Generative AI models have been a hot topic of discussion within the AI industry for a while. The recent success of 2D generative models has paved the way for the methods we use to create visual content today. Although the AI community has achieved remarkable success with 2D generative models, generating 3D content remains a major challenge for deep generative AI frameworks. This is especially true as the demand for 3D generated content reaches an all-time high, driven by a wide array of visual games, applications, virtual reality, and even cinema. It is worth noting that while there are 3D generative AI frameworks that deliver acceptable results for certain categories and tasks, they are unable to efficiently generate 3D objects. This shortfall can be attributed to the lack of extensive 3D data for training the frameworks. Recently, developers have proposed leveraging the guidance offered by pre-trained text-to-image AI generative models, an approach that has shown promising results.
In this article, we will discuss the DreamCraft3D framework, a hierarchical model for generating 3D content that produces coherent and high-fidelity 3D objects of high quality. The DreamCraft3D framework uses a 2D reference image to guide the geometry sculpting stage, enhancing the texture with a focus on addressing consistency issues encountered by current frameworks or methods. Additionally, the DreamCraft3D framework employs a view-dependent diffusion model for score distillation sampling, aiding in sculpting geometry that contributes to coherent rendering.
We will take a closer dive into the DreamCraft3D framework for 3D content generation. Furthermore, we will explore the concept of leveraging pretrained Text-to-Image (T2I) models for 3D content generation and examine how the DreamCraft3D framework aims to utilize this approach to generate realistic 3D content.
DreamCraft3D : An Introduction
DreafCraft3D is a hierarchical pipeline for generating 3D content. The DreamCraft3D framework attempts to leverage a state of the art T2I or Text to Image generative framework to create high-quality 2D images using a text prompt.

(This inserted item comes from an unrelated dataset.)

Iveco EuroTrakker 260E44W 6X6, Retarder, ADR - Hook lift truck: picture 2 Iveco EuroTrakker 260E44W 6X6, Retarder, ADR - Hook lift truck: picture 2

The approach allows the DreamCraft3D framework to maximize the capabilities of state of the art 2D diffusion models to represent the visual semantics as described in the text prompt while retaining the creative freedom offered by these 2D AI generative frameworks. The image generated is then lifted to 3D with the help of cascaded geometric texture boosting, and geometric sculpting phases, and the specialized techniques are applied at each stage with the help of decomposing the problem.

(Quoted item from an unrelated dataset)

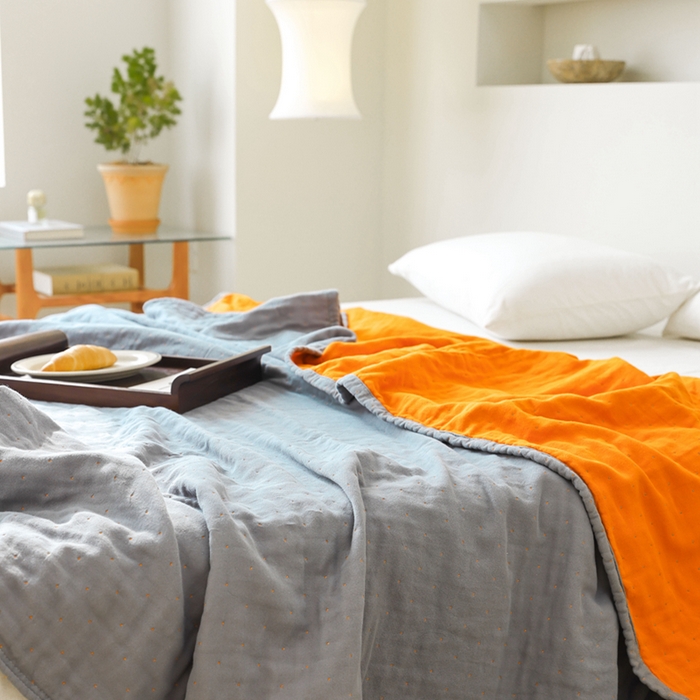 91家纺网 家纺一手货源 找家纺 朴尔家纺-毛巾被 2026春夏新款 ins风纯色双拼风全棉纯加厚超柔四层纱布毛巾被夏被夏凉被空调被 纯色双拼温蓝配橘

For geometry, the DreamCraft3D framework focuses heavily on the global 3D structure, and multi-view consistency, thus making room for compromises on the detailed textures in the images. Once the framework gets rid of geometry-related issues, it shifts its focus on optimizing coherent & realistic textures by implementing a 3D-aware diffusion that bootstraps the 3D optimization approach. There are two key design considerations for the two optimization phases namely the Geometric Sculpting, and Texture Boosting.

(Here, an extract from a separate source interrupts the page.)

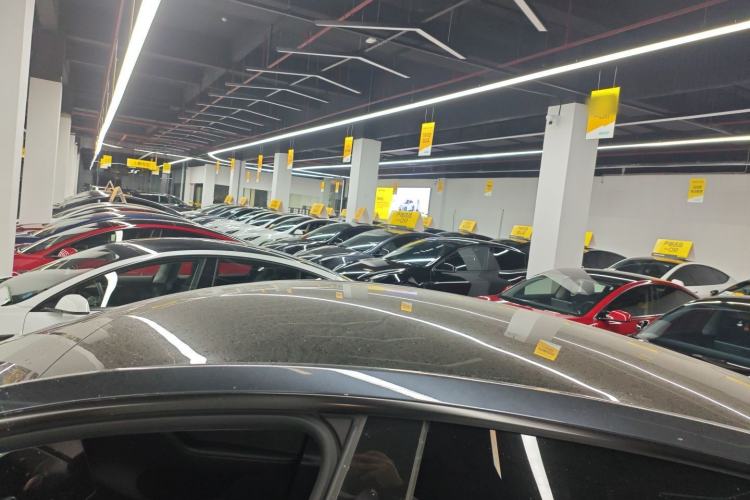 Used Tesla Model Y 2024 Long-Range All-Wheel-Drive Version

With all being said, it would be safe to describe the DreamCraft3D as an AI generative framework that leverages a hierarchical 3D content generation pipeline to essentially transform 2D images into their 3D counterparts while maintaining the holistic 3D consistency.
Leveraging Pretrained T2I or Text-to-Image Models
The idea to leverage pretrained T2I or Text-to-Image models for generating 3D content was first introduced by the DreamFusion framework in 2022. The DreamFusion framework attempted to enforce a SDS or Score Distillation Sample loss to optimize the 3D framework in a way that the renderings at random viewpoints would align with the text-conditioned image distributions as interpreted by an efficient text-to-image diffusion framework. Although the DreamFusion approach delivered decent results, there were two major issues, blurriness, and over saturation. To tackle these issues, recent works implement various stage-wise optimization strategies in an attempt to improve the 2D distillation loss, which ultimately leads to better quality, and realistic 3D generated images.
However, despite the recent success of these frameworks, they are unable to match the ability of 2D generative frameworks to synthesize complex content. Furthermore, these frameworks are often riddled with the “Janus Issue”, a condition where 3D renderings that appear to be plausible individually, show stylistic & semantic inconsistencies when examined as a whole.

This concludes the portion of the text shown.